* **Exercise objective**: Begin at the line containing "this-is-how-we-shovel-snow-in-sparrrataaaaaaa--76999.jpg" and copy exactly through the last line of the listing, skipping every picture.

* **Record excerpts**:
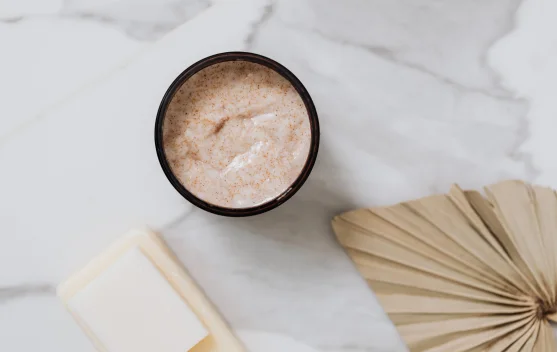 Berapa Kali Seminggu Disarankan Menggunakan Body Scrub?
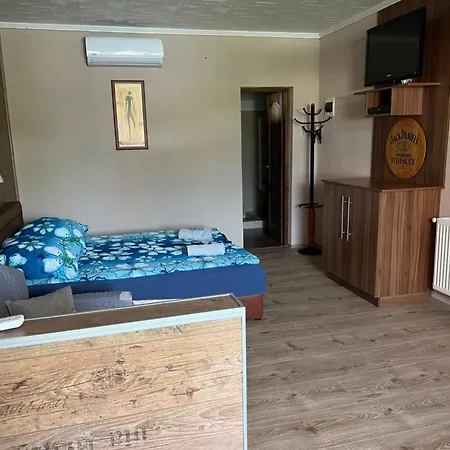 Apartment Aqua Apartmanhaz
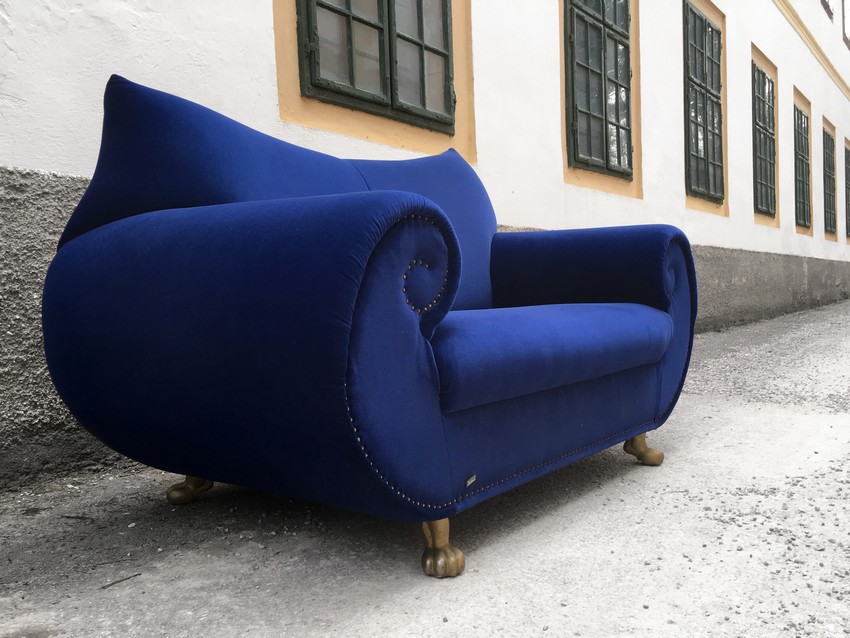 Bretz Gaudi Sofa
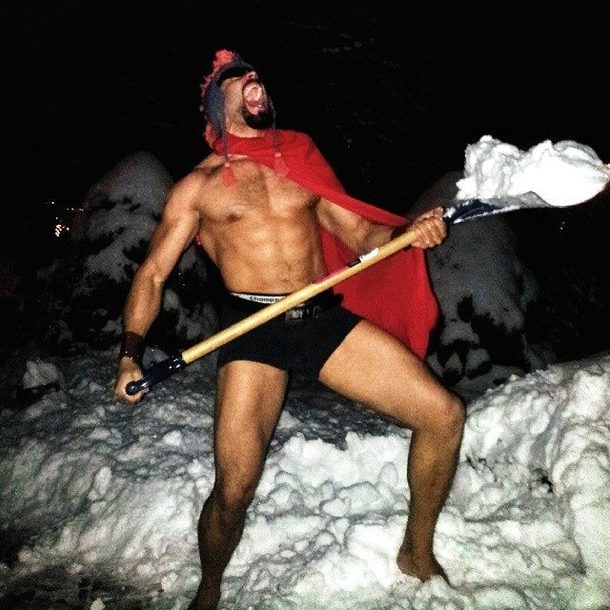this-is-how-we-shovel-snow-in-sparrrataaaaaaa--76999.jpg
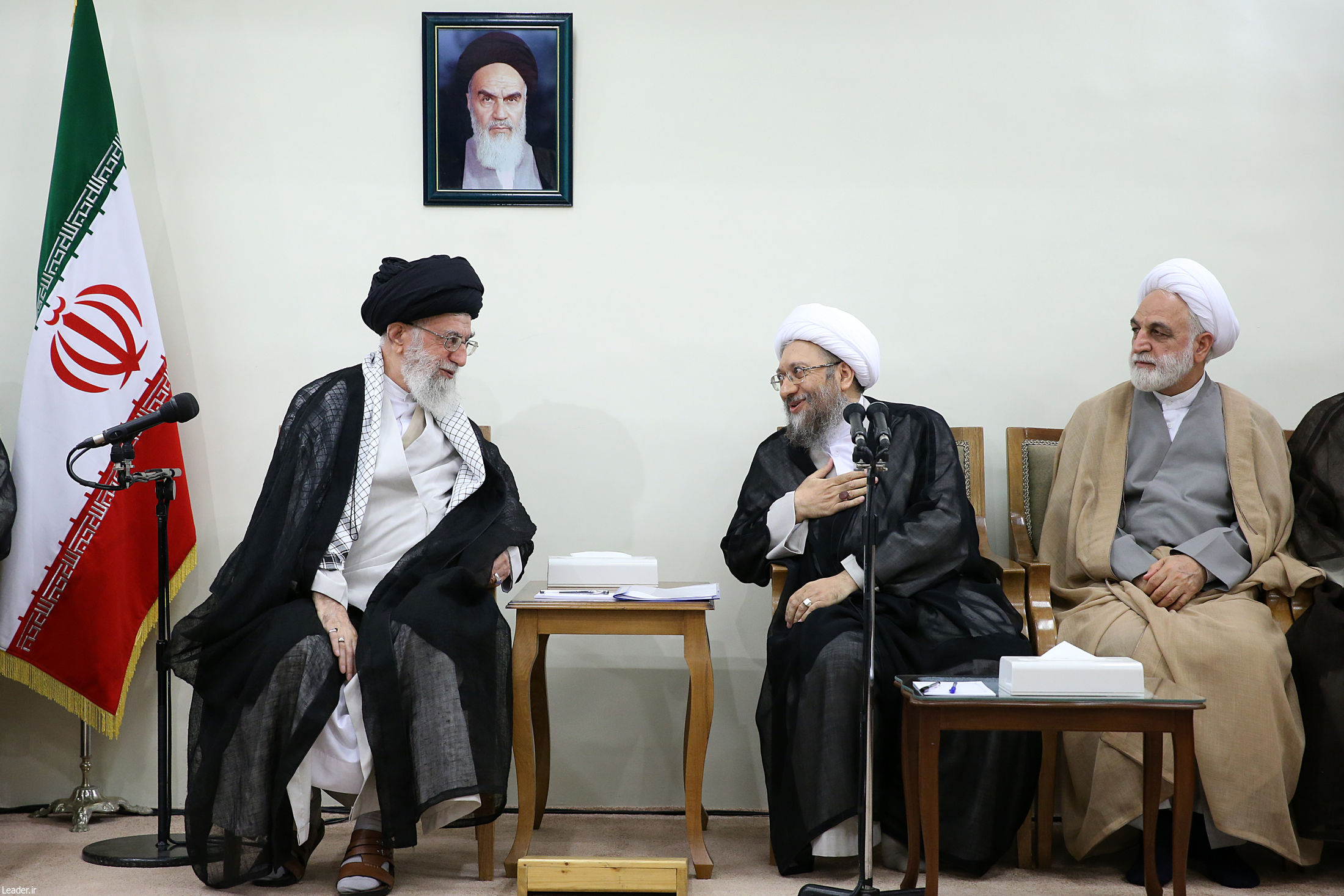 الامام الخامنئي عين "آية الله آملي لاريجاني" رئيسا لمجمع تشخيص مصلحة النظام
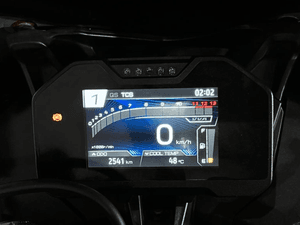 Used 2025 Yamaha R15 V4 M for sale in Delhi - thumbnail 8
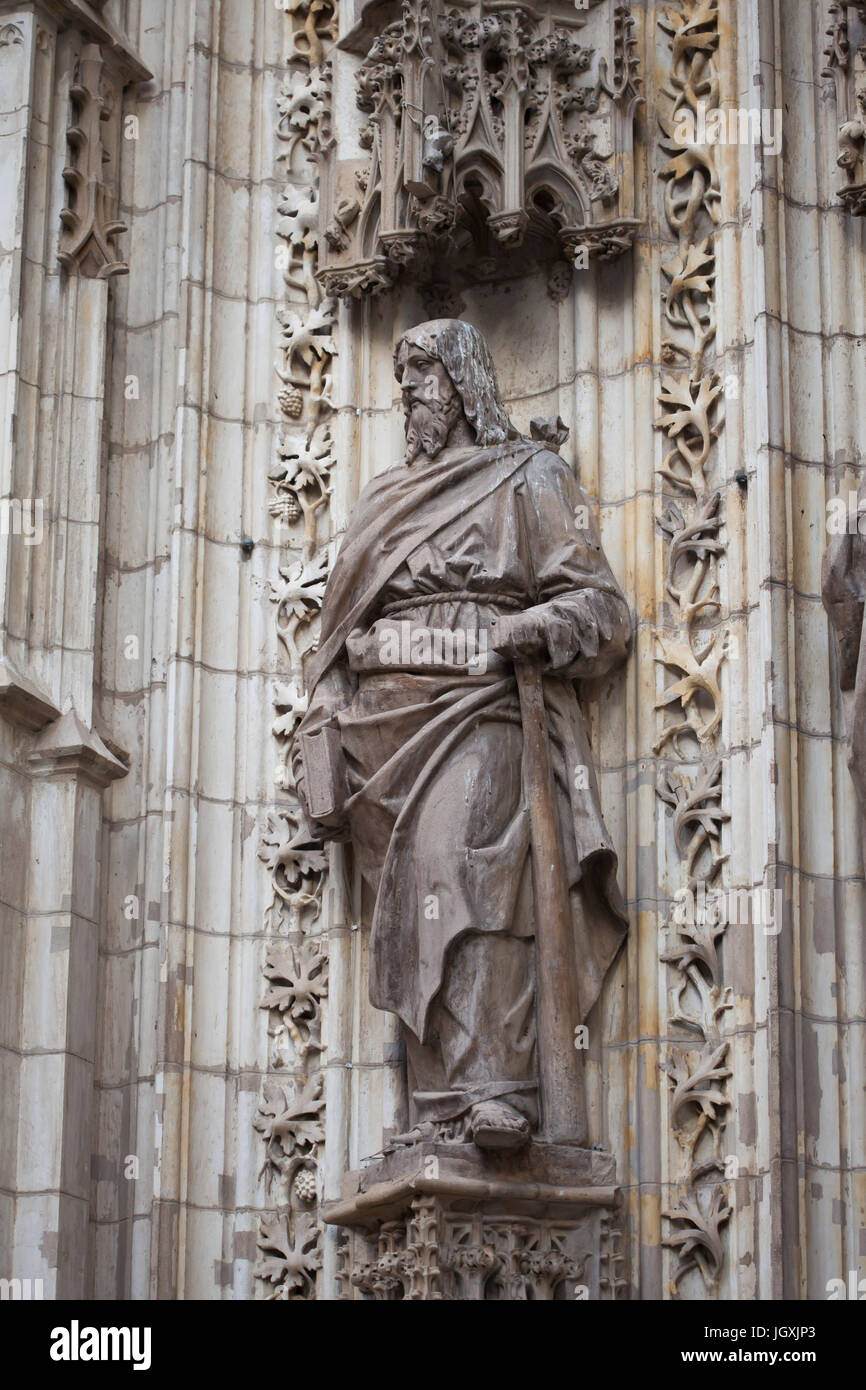 Saint Jude Thaddée. Statue sur le portail de l'Assomption (Puerta de la Asunción) de la Cathédrale de Séville (Catedral de Sevilla) à Séville, Andalousie, espagne. Banque D'Images Saint Jude Thaddée. Statue sur le portail de l'Assomption (Puerta de la Asunción) de la Cathédrale de Séville (Catedral de Sevilla) à Séville, Andalousie, espagne. Banque D'Images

* **Solved problem**:
this-is-how-we-shovel-snow-in-sparrrataaaaaaa--76999.jpg
 الامام الخامنئي عين "آية الله آملي لاريجاني" رئيسا لمجمع تشخيص مصلحة النظام
 Used 2025 Yamaha R15 V4 M for sale in Delhi - thumbnail 8
 Saint Jude Thaddée. Statue sur le portail de l'Assomption (Puerta de la Asunción) de la Cathédrale de Séville (Catedral de Sevilla) à Séville, Andalousie, espagne. Banque D'Images Saint Jude Thaddée. Statue sur le portail de l'Assomption (Puerta de la Asunción) de la Cathédrale de Séville (Catedral de Sevilla) à Séville, Andalousie, espagne. Banque D'Images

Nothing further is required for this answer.